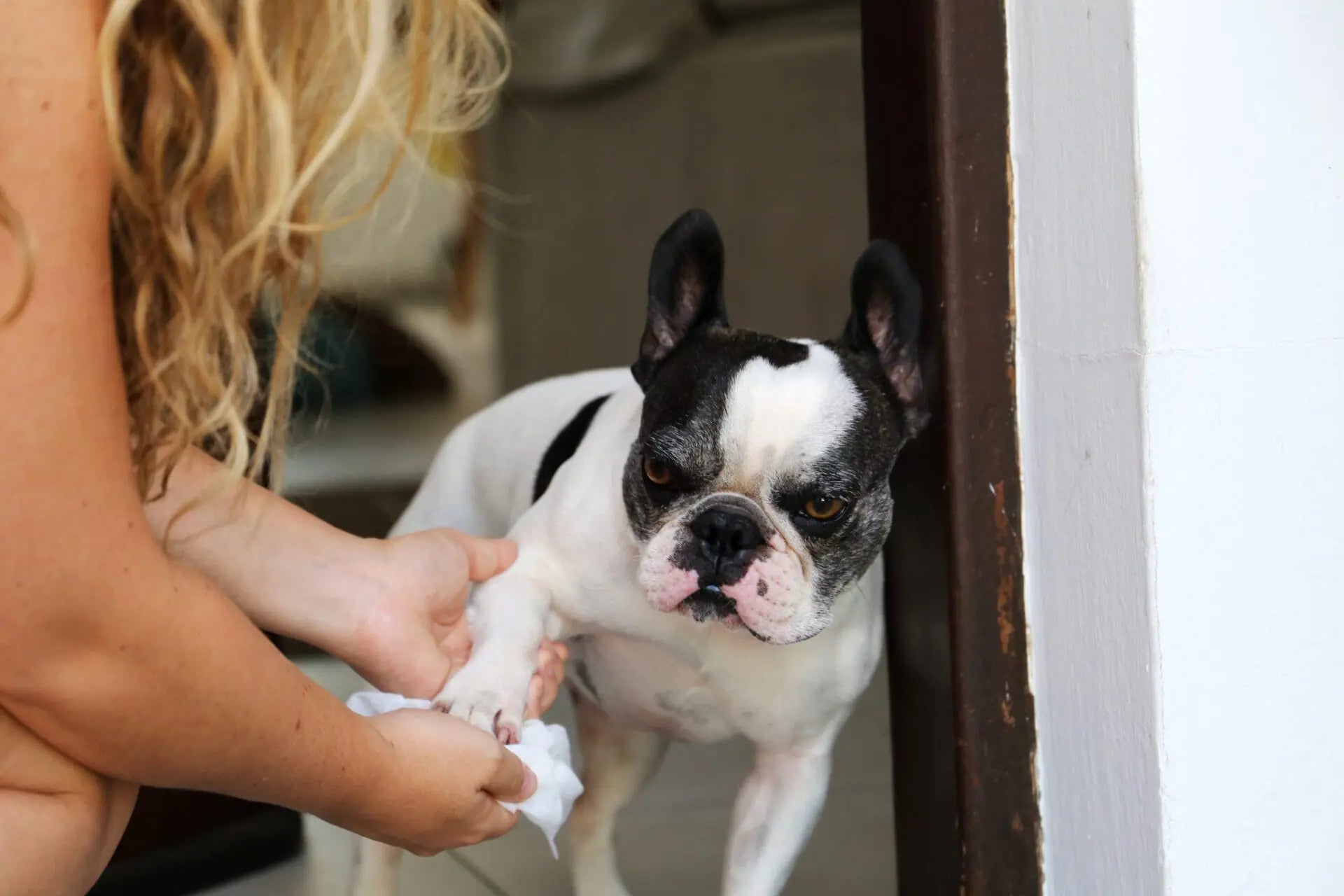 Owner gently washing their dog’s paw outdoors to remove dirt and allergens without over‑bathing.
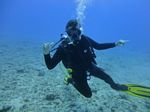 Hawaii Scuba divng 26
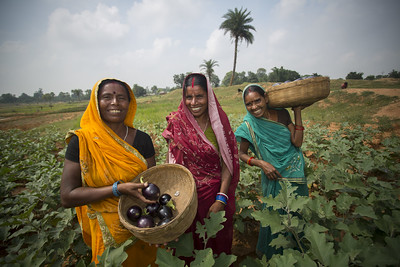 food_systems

______

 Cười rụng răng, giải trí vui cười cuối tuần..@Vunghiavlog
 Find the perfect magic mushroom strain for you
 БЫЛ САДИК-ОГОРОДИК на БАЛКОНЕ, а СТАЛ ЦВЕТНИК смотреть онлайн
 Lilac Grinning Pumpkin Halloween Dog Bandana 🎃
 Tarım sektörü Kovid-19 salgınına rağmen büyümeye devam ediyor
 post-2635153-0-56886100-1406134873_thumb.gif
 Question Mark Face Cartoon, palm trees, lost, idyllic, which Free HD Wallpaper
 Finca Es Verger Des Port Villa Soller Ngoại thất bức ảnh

______

EXERCISE BRIEF: Using the records above, print exactly the lines between the ones containing "Owner gently washing" and "food_systems", inclusive, and nothing else; no pictures.

EXPECTED OUTPUT:
 Owner gently washing their dog’s paw outdoors to remove dirt and allergens without over‑bathing.
 Hawaii Scuba divng 26
 food_systems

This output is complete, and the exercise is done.